The passage of time also softened old rivalries. When they were both in their prime, Kissinger and Zbigniew Brzezinski, Jimmy Carter’s Polish-born national security adviser who was also a formidable scholar, often resented each other. In 2012, a Washington Post story revealed that at a 1976 meeting of top Ford administration officials, Kissinger declared: “Brzezinski is a total whore. He’s been on every side of every argument.”
By then, the two men with such parallel careers had more than made up: They frequently appeared together at public events, still jabbing at each other occasionally, but expressing mutual admiration. When Brzezinski was asked to react to the Kissinger quote in the 2012 story, he replied: “Henry is a friend of mine—he must have meant ‘bore.’”

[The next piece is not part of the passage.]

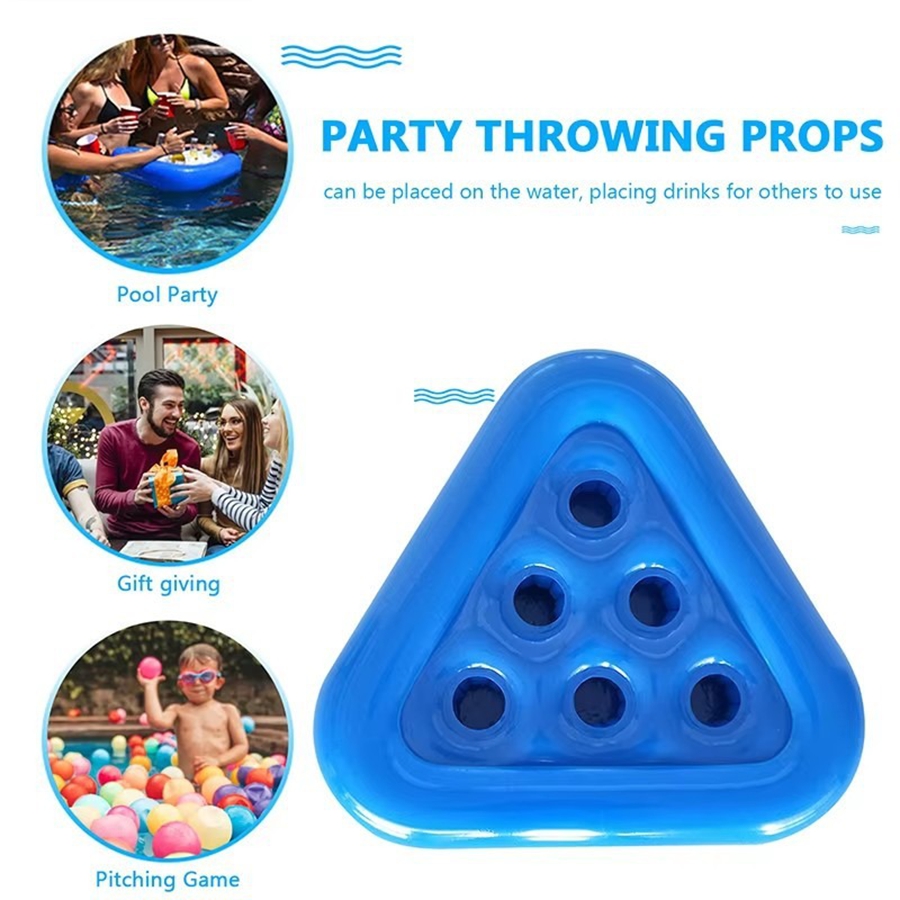 Summer Pool Party Triangle Cup - Wedding Water Supply 评论和价格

When Brzezinski died in 2017, Kissinger felt a deep sense of loss. “Zbig was almost unique in my generation,” he explained in an interview with the Financial Times. We both considered ideas about the world order to be the key problem of our time. How could we create it? We had somewhat different ideas. But for both of us, we were above all concerned to raise diplomacy to that level of influence.” Kissinger added that he was troubled by the fact that no such debates appear to be taking place now.
But the debates about the good versus the bad Kissinger have continued. Books like Robert Brigham’s Reckless: Henry Kissinger and the Tragedy of Vietnam regularly excoriate his record. And right up until his final years, Kissinger’s public appearances were often interrupted by protesters telling him to “rot in hell,” as they did during his talk at NYU’s Stern School of Business in late 2018.
No matter how much time passes, the controversy over Kissinger is unlikely to be settled to anyone’s satisfaction. But in some ways, that, too, is a measure of his impact—whether positive or negative—on his adopted country and the world order he sought to shape.